Feature Engineering Course
Feature Scaling
A model that sees one feature in the thousands and another in fractions doesn't treat them equally — it gets overwhelmed by the big numbers. Scaling brings every feature onto a level playing field so the algorithm can actually learn from all of them.
Feature scaling transforms numerical features so they occupy a comparable range of values. It does not change the shape of the distribution — it just shifts and compresses the scale. Many algorithms — including linear regression, logistic regression, SVMs, KNN, and neural networks — are sensitive to the magnitude of feature values and perform poorly or fail to converge when features are on wildly different scales.
Why Scale at All?
Picture a dataset predicting apartment rent. One feature is square_footage — values from 400 to 3,000. Another is distance_to_metro_km — values from 0.1 to 4.5. A third is num_bedrooms — values from 1 to 5.
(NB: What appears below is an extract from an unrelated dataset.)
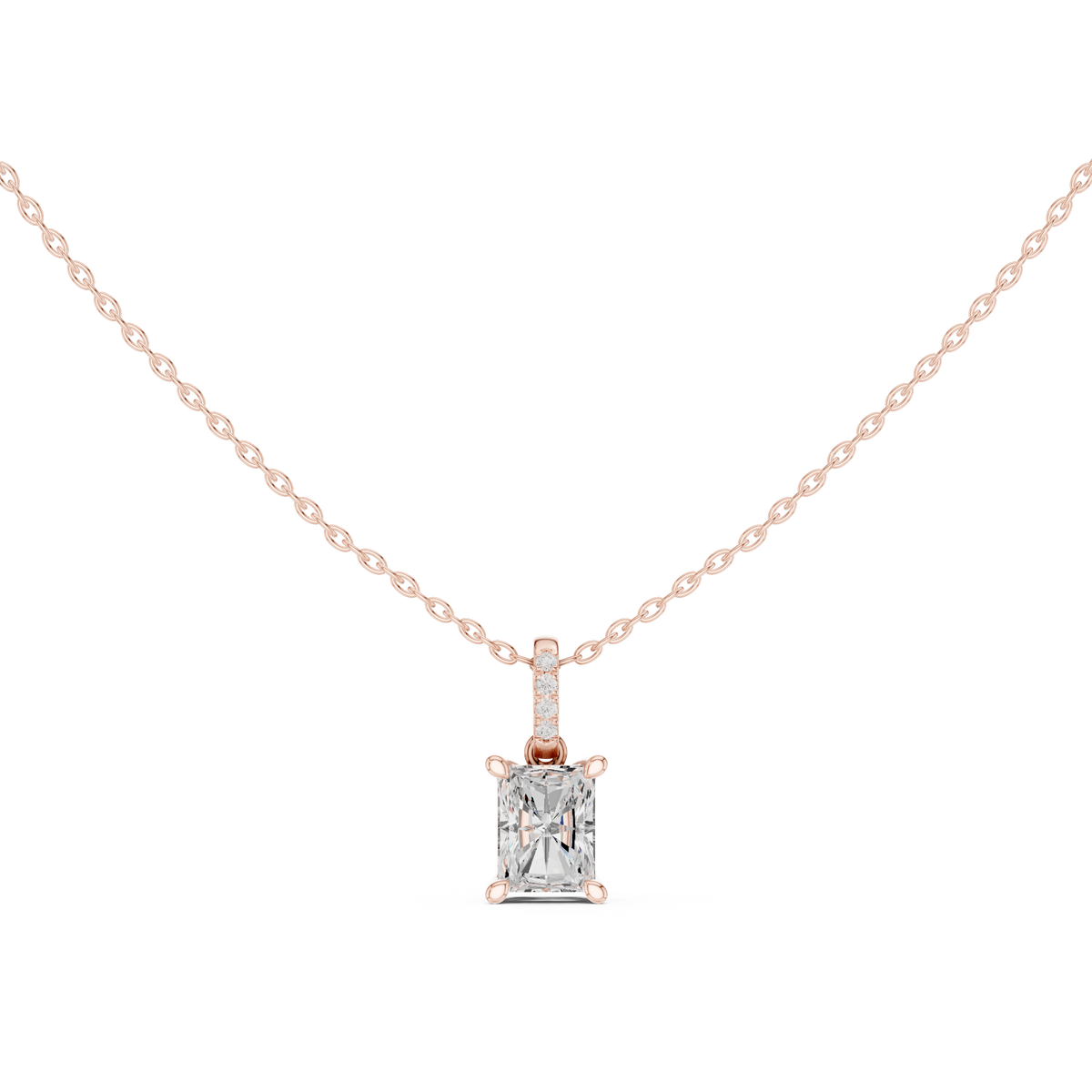 Radiant Cut Diamond Pavé Bail Pendant Necklace – view 5 of 12, lab grown diamond necklace | Jewelix Atelier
When gradient descent updates model weights, it calculates partial derivatives. The feature with the largest numerical range — square footage — produces the largest gradients and gets updated aggressively. The distance feature, with tiny values around 0–5, gets almost no update signal. The model effectively ignores the small-scale features and overfits to the large-scale one. Scaling fixes this by ensuring every feature contributes equally to the gradient.
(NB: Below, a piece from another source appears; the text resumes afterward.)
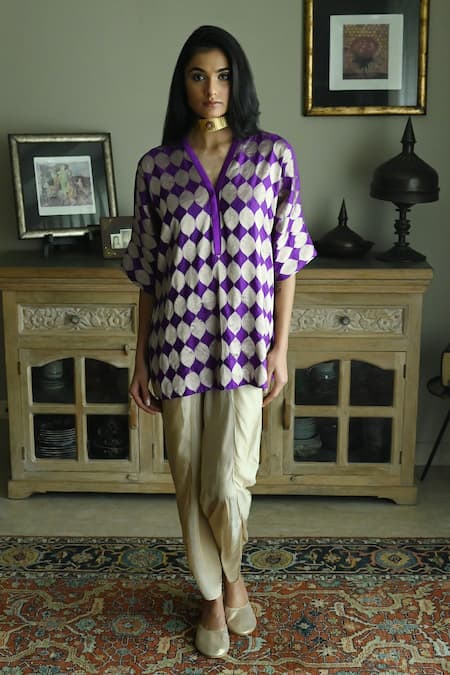 Shorshe Clothing_Purple Satin, Silk, Brocade Shahi Mughal Woven Kaftan And Nandini Dhoti Pant Set _Online_at_Aza_Fashions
StandardScaler — Zero mean, unit variance
Subtracts the mean and divides by standard deviation. Output has mean 0 and std 1. Works well when data is roughly normally distributed. The default choice for most regression and classification models.
MinMaxScaler — Compress to a fixed range
Scales each feature to a specific range, usually 0 to 1. Sensitive to outliers because the min and max anchor the scale. Preferred for neural networks and image pixel values.
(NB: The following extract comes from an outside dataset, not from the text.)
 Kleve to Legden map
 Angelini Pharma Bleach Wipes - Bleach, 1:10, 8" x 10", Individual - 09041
RobustScaler — Outlier-resistant scaling
Uses the median and interquartile range instead of mean and std. Outliers don't anchor the scale because they fall outside the IQR. Best choice when your data has extreme values you can't remove.
MaxAbsScaler — Preserves sparsity
Divides by the maximum absolute value, scaling to the range −1 to 1. Does not shift the data, so zero values remain zero. Designed for sparse matrices and text feature vectors.
StandardScaler in Practice
The scenario: You're a data scientist at a real estate startup building a rent prediction model using linear regression. Your dataset has three numerical features — square footage, distance to the nearest metro station, and number of bedrooms — all on completely different scales. Before fitting the model, you need to standardize every feature so none of them dominates the gradient updates during training.
# Import pandas and numpy
import pandas as pd
import numpy as np
# StandardScaler subtracts the mean and divides by standard deviation
from sklearn.preprocessing import StandardScaler
# Apartment rental data — three features on very different scales
housing_df = pd.DataFrame({
'apt_id': ['APT01', 'APT02', 'APT03', 'APT04', 'APT05',
'APT06', 'APT07', 'APT08', 'APT09', 'APT10'],
'square_footage': [650, 1200, 850, 2100, 740,
1550, 920, 1800, 680, 1100],
'distance_to_metro_km': [0.4, 1.2, 0.8, 3.5, 0.3,
2.1, 0.9, 4.2, 0.5, 1.6],
'num_bedrooms': [1, 2, 2, 4, 1, 3, 2, 3, 1, 2]
})
# Define which columns need scaling — exclude ID and target columns
feature_cols = ['square_footage', 'distance_to_metro_km', 'num_bedrooms']
# Instantiate StandardScaler — no hyperparameters needed for basic use
scaler = StandardScaler()
# Fit computes the mean and std for each column from the training data
scaler.fit(housing_df[feature_cols])
# Transform applies (x - mean) / std to every value in each column
scaled_array = scaler.transform(housing_df[feature_cols])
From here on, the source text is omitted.